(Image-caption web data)
····················
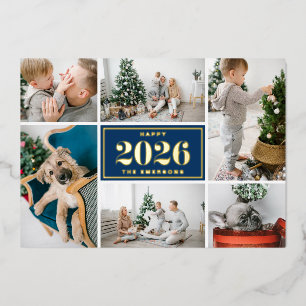 Navy Blue Happy New Year 2026 Photo Collage Foil Holiday Card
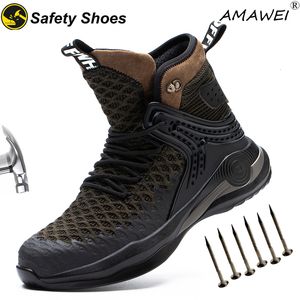 Laarzen AMAWEI Veiligheidsschoenen Heren Dames Schoenen met stalen neus Anti-smash Punctiebestendige veiligheidslaarzen Heren Constructie Grote maten 49 50 Laars 230831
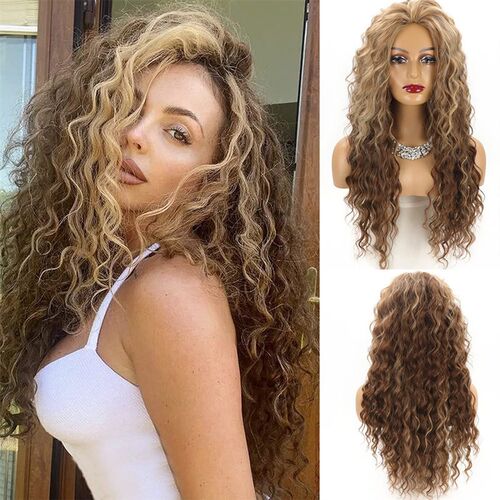 Wig Womens African Curly Curly Hair Large Wave Chemical Fib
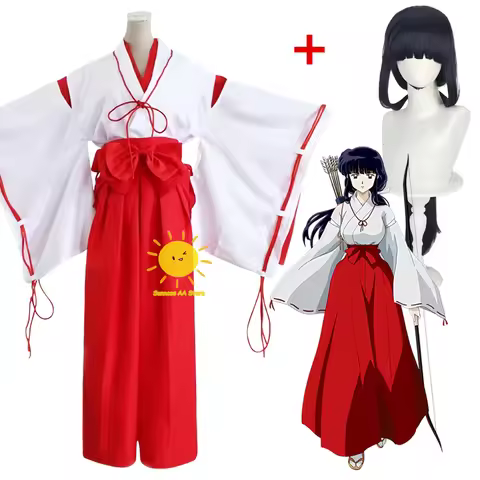Anime Kikyo Cosplay Inuyasha Cosplay Costumes Kimono Red Pants Belt Witches Kikyo Suits Wig Hallowee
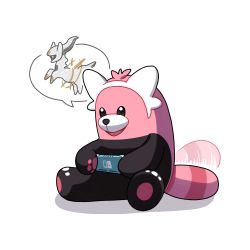 :d arceus bewear commentary creatures_(company) full_body game_freak gen_4_pokemon gen_7_pokemon handheld_game_console highres holding holding_handheld_game_console legendary_pokemon mythical_pokemon nintendo nintendo_switch open_mouth playing_games pokemon shi_mohaji sitting smile spoken_character tail tail_wagging tongue white_background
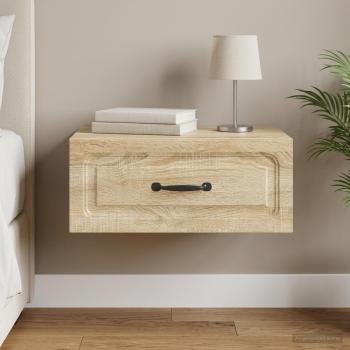 ARDEBO.de - Wandmontierter Nachttisch Sonoma-Eiche 49 x 34,5 x 20 cm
····················
How to complete this task: Skip the pictures. Restate exactly the lines from the start of the entries through the line containing "Anime Kikyo Cosplay", both ends included.

Solution to this exercise:
 Navy Blue Happy New Year 2026 Photo Collage Foil Holiday Card
 Laarzen AMAWEI Veiligheidsschoenen Heren Dames Schoenen met stalen neus Anti-smash Punctiebestendige veiligheidslaarzen Heren Constructie Grote maten 49 50 Laars 230831
 Wig Womens African Curly Curly Hair Large Wave Chemical Fib
Anime Kikyo Cosplay Inuyasha Cosplay Costumes Kimono Red Pants Belt Witches Kikyo Suits Wig Hallowee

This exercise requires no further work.